* **Aim of the exercise**: Transcribe all the lines below exactly. Omit the pictures.

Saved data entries
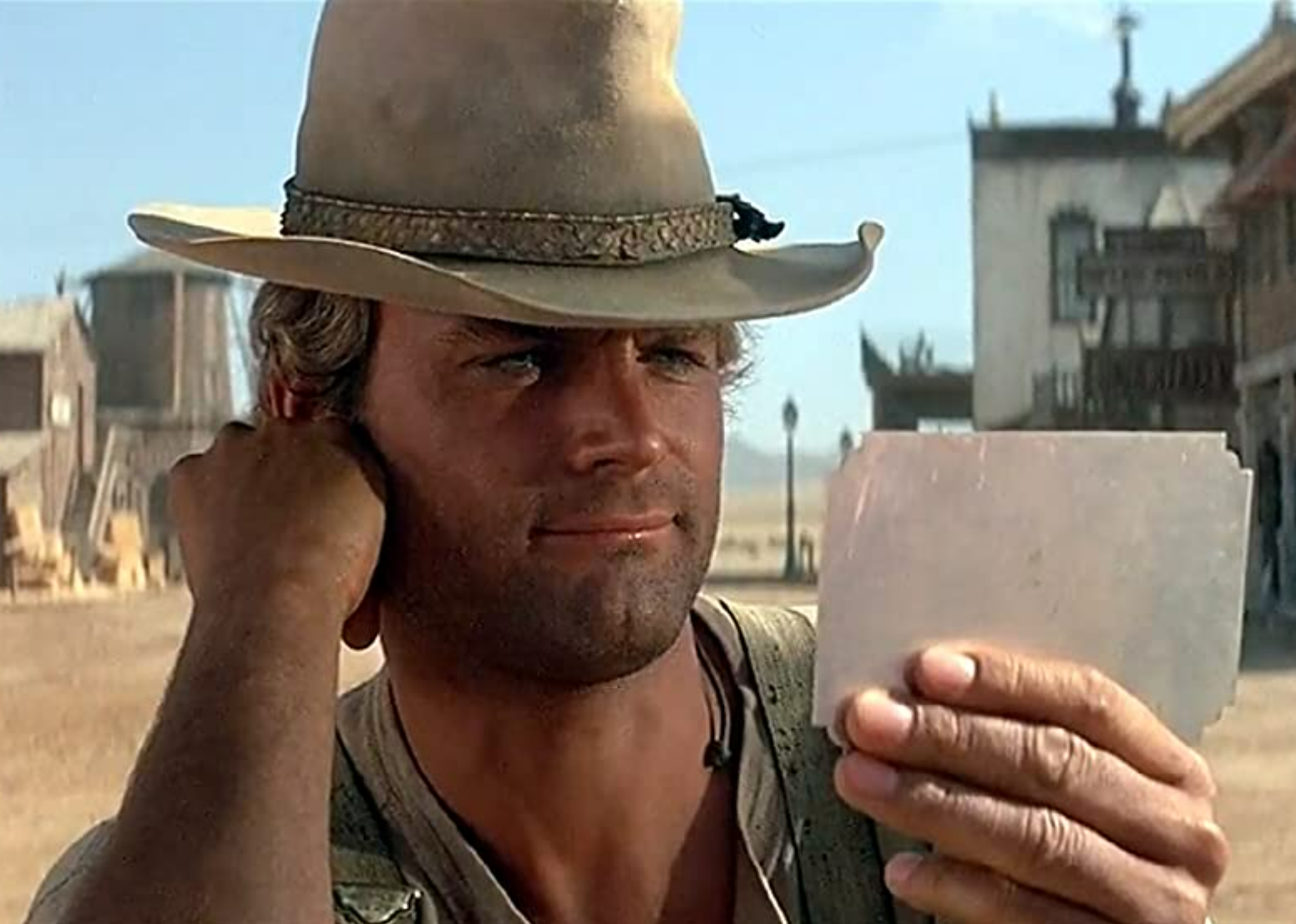 Terence Hill in a scene from "My Name is Nobody".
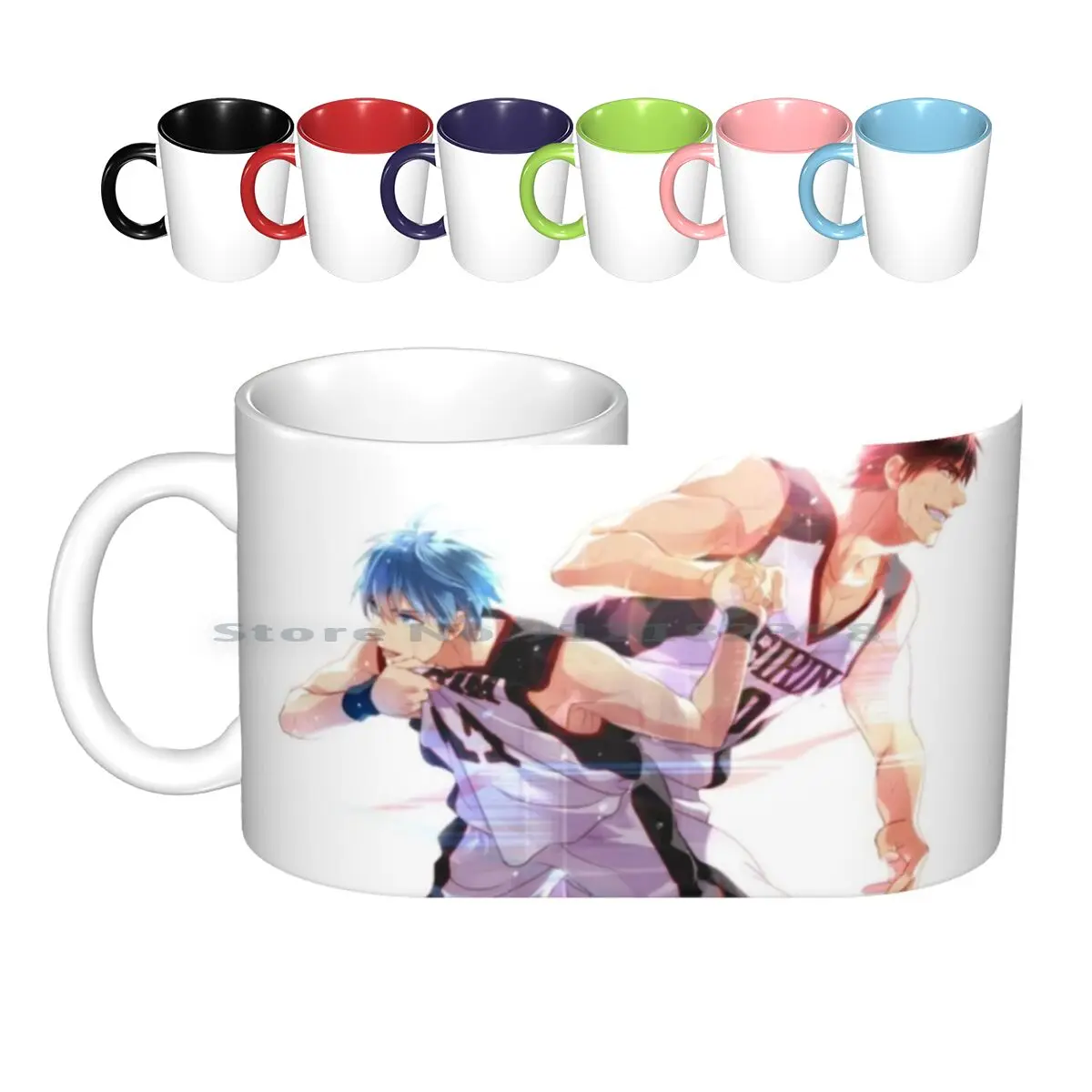 Керамические кружки Kuroko без корзины, кофейные чашки, Кружка для молока и чая, кружка Kuroko без корзины, Аниме Манга Kuroko No Basuke Kurokos, баскетбольны...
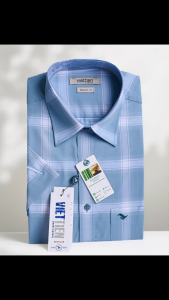 Áo so mi tay ngắn Việt Tiến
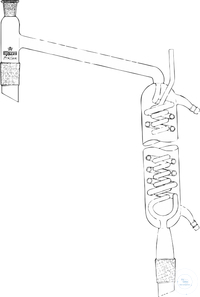 Distilling links, for inflammable solvents, therm. ST 14/23, cone ST 24/29, length 250 mm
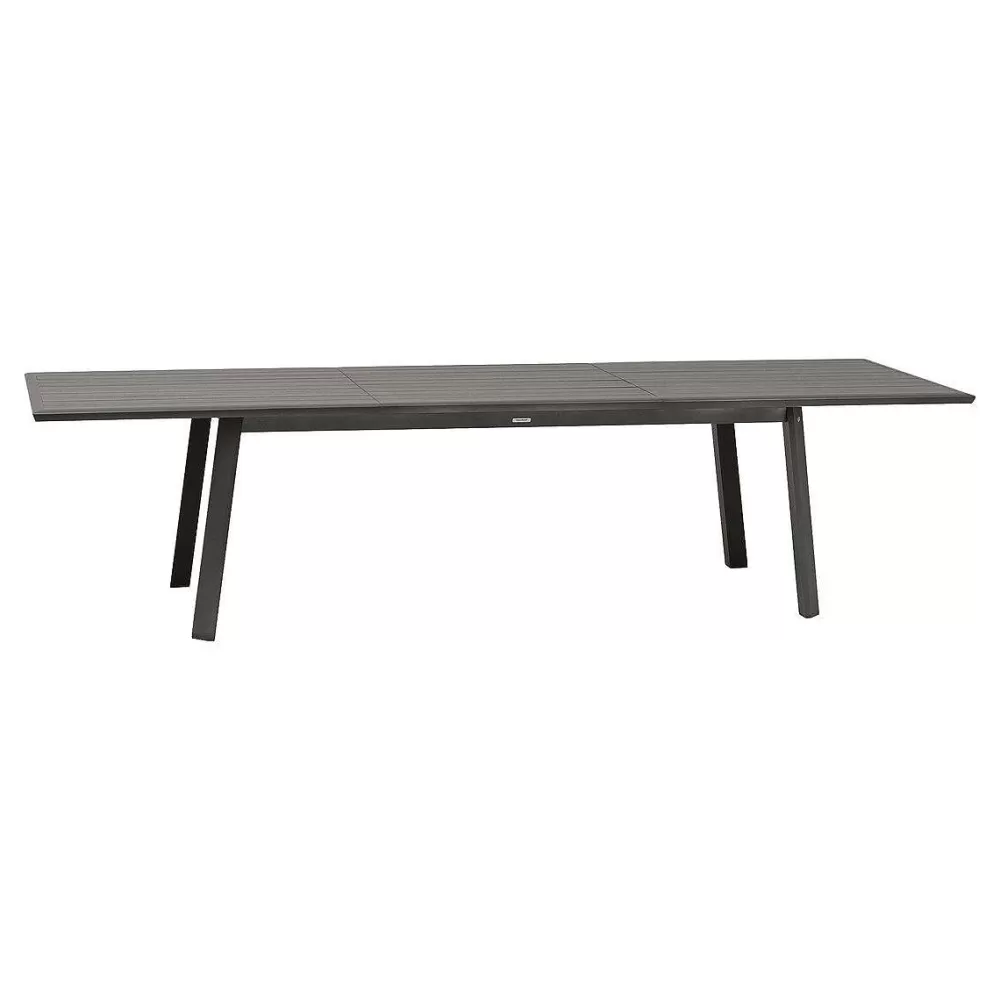 * Tables De Jardin>Table Pavane Extensible Aluminium Graphite 12 Places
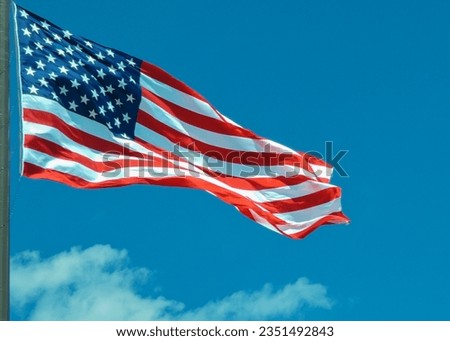 The national flag in America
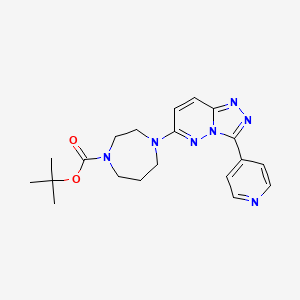 Tert-butyl 4-(3-pyridin-4-yl-[1,2,4]triazolo[4,3-b]pyridazin-6-yl)-1,4-diazepane-1-carboxylate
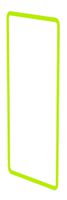 profilo decorativo dim.3x1 priamos giallo/verde fluorescente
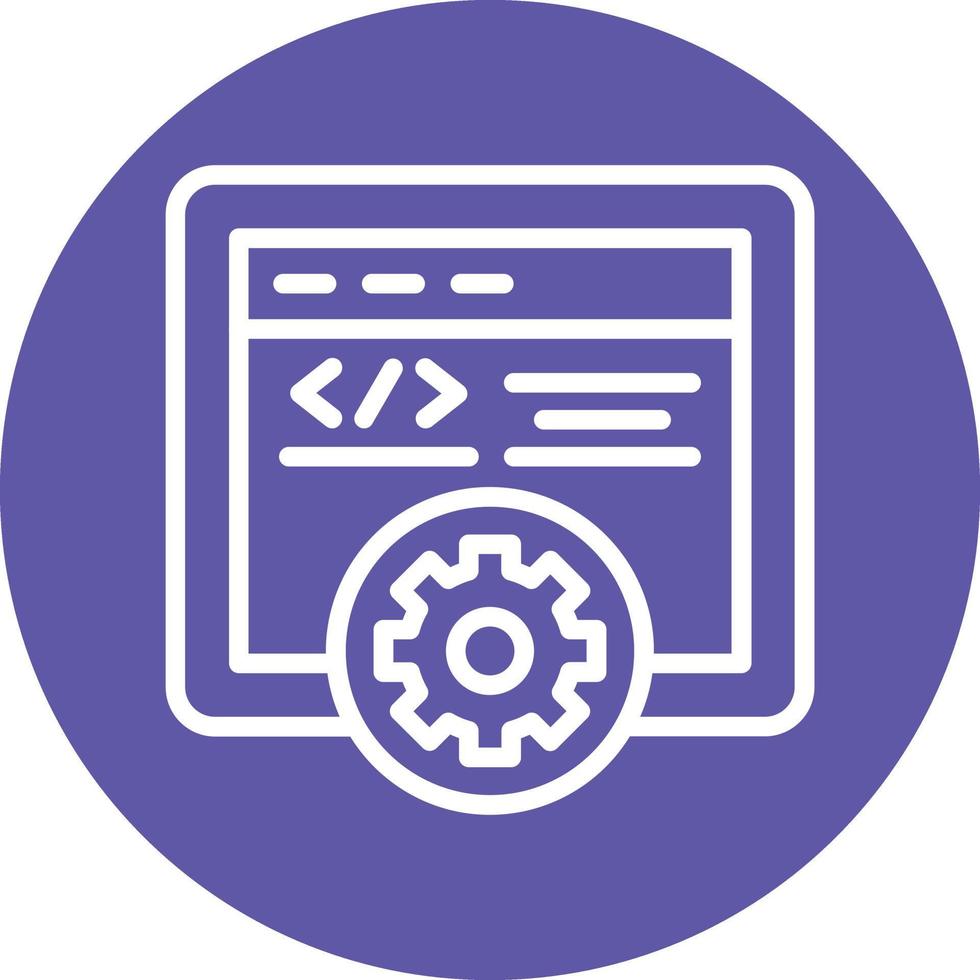 Web Programming Vector Icon Design
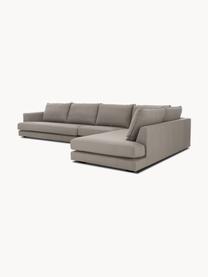 XL-Ecksofa Tribeca, Bezug: 100 % Polyester Der hochw, Gestell: Massives Kiefernholz, Webstoff Taupe, B 405 x T 228 cm, Eckteil rechts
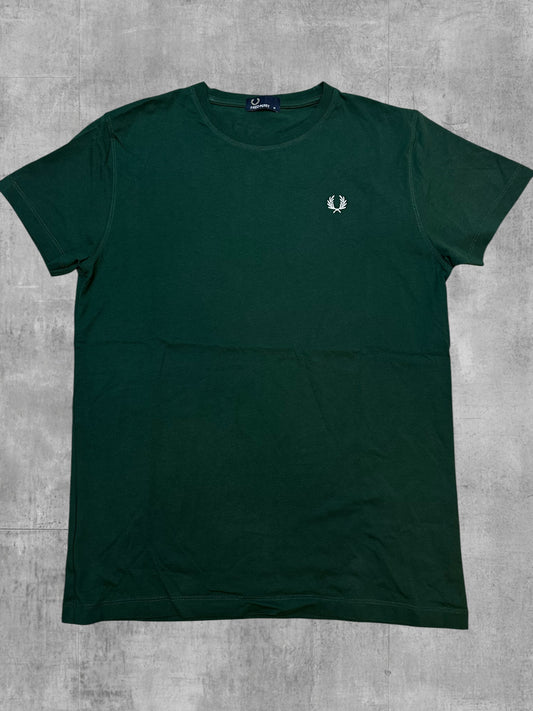 Fred Perry T-shirt Dunkelgrün M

* **Solution**:
 Terence Hill in a scene from "My Name is Nobody".
 Керамические кружки Kuroko без корзины, кофейные чашки, Кружка для молока и чая, кружка Kuroko без корзины, Аниме Манга Kuroko No Basuke Kurokos, баскетбольны...
 Áo so mi tay ngắn Việt Tiến
 Distilling links, for inflammable solvents, therm. ST 14/23, cone ST 24/29, length 250 mm
 * Tables De Jardin>Table Pavane Extensible Aluminium Graphite 12 Places
 The national flag in America
 Tert-butyl 4-(3-pyridin-4-yl-[1,2,4]triazolo[4,3-b]pyridazin-6-yl)-1,4-diazepane-1-carboxylate
 profilo decorativo dim.3x1 priamos giallo/verde fluorescente
 Web Programming Vector Icon Design
 XL-Ecksofa Tribeca, Bezug: 100 % Polyester Der hochw, Gestell: Massives Kiefernholz, Webstoff Taupe, B 405 x T 228 cm, Eckteil rechts
 Fred Perry T-shirt Dunkelgrün M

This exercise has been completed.